On 11/13/07, Steve Bennett
<stevagewp(a)gmail.com> wrote:
What's the best way to approach parsing a long string of formatted text:
1) Treat each incidence of ''' or '' as an element to be translated
into
<b>, <i>, </b>, or </i>, using state ("context"?) to
determine which 2)
Have a rule that treats an entire run of '''........''' as a
single
element, to be transformed into <b>.......</b>.
To answer my own question, I don't think 2) is possible, due to the
legitimacy of constructs like:
Here is some ''italics with a [[link|that switches ''off]] the italics.
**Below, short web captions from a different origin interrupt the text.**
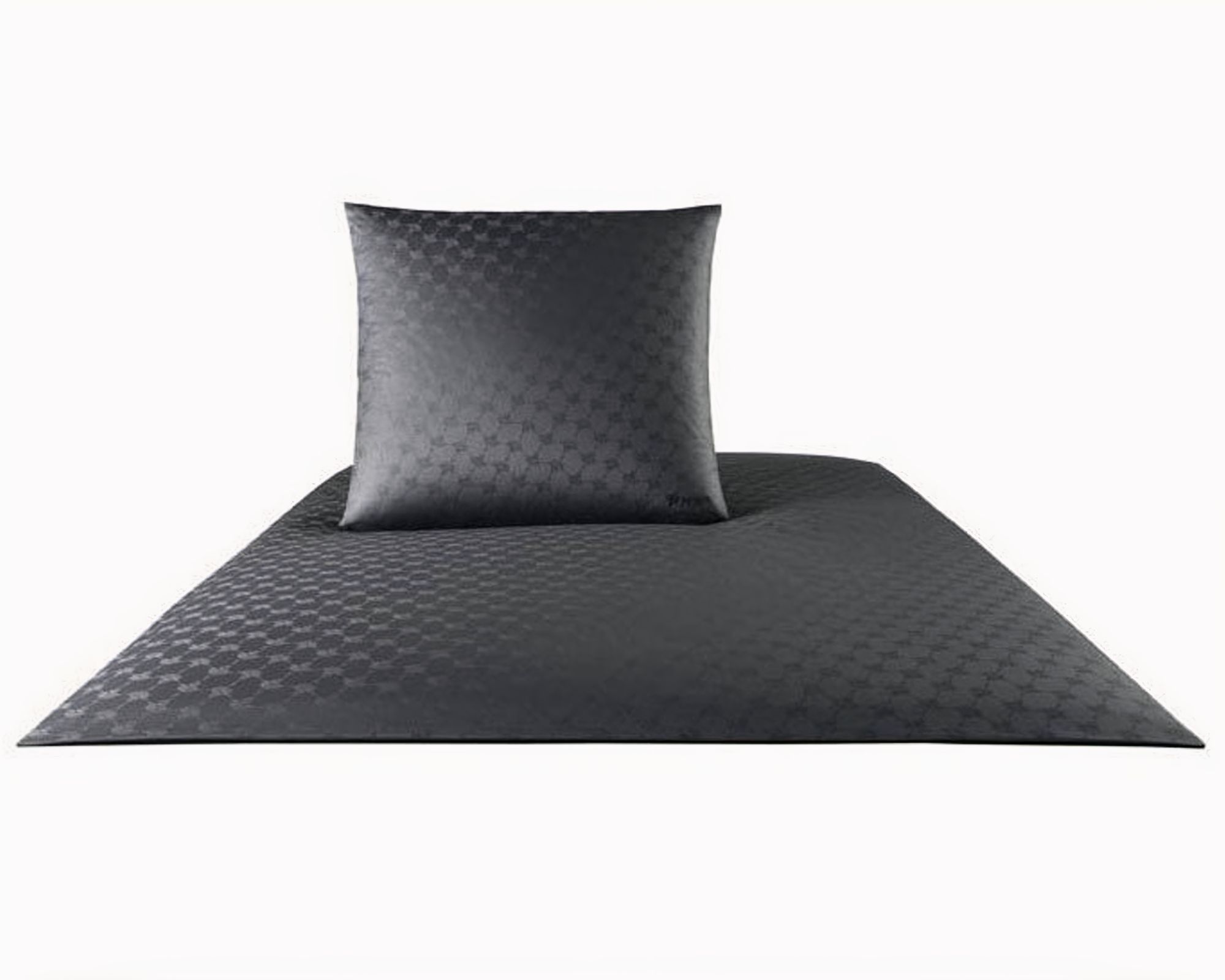 JOOP! »Cornflower« Quarz 4020-29 Bettwäsche / 200x200 cm / 2x 80x80 cm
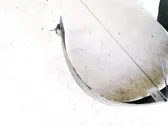 Rivestimento paraspruzzi passaruota anteriore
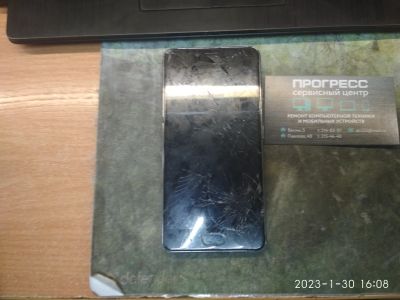 Лот: 19922367. Фото: 1. Смартфон Meizu M3s 16GB. Смартфоны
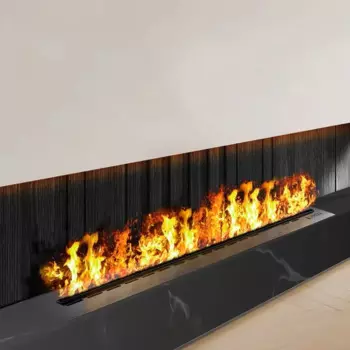 Электрический камин AFLYEVER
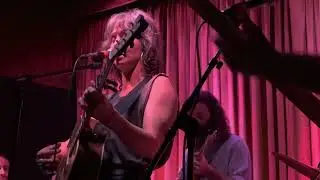 Kelly McFarling @ Gold Diggers in LA 5/29/2022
I think '' and ''' will have to be parsed as rather ambiguous
"toggle
state of bold/italics" tokens, whose meaning can be made more clear by
walking the AST afterwards.
It's a pity, because the existing work on the EBNF assumed that they could
be treated as blocks.
http://www.mediawiki.org/wiki/Markup_spec (was at
meta)
Unless someone wants to jump in and claim that the above construct is a
mistake and that ''..'' *should* be a block of some kind.
Steve
PS
http://www.usemod.com/cgi-bin/mb.pl?ConsumeParseRenderVsMatchTransform
is useful for describing the parser transfomation we're trying to achieve.
Apparently we're trying to convert a "match-transform" parser into a
"consume-parse-render" parser.
You can't treat it as a toggle unless you know what you're toggling, which
depends on matching open/close delimiters over an entire paragraph, since
the end of the paragraph implicitly ends any bold/italic.
The behavior you're seeing is an artifact of the multi-stage parsing.
that sort of thing really should go if we want to migrate to a recursive
descent parser.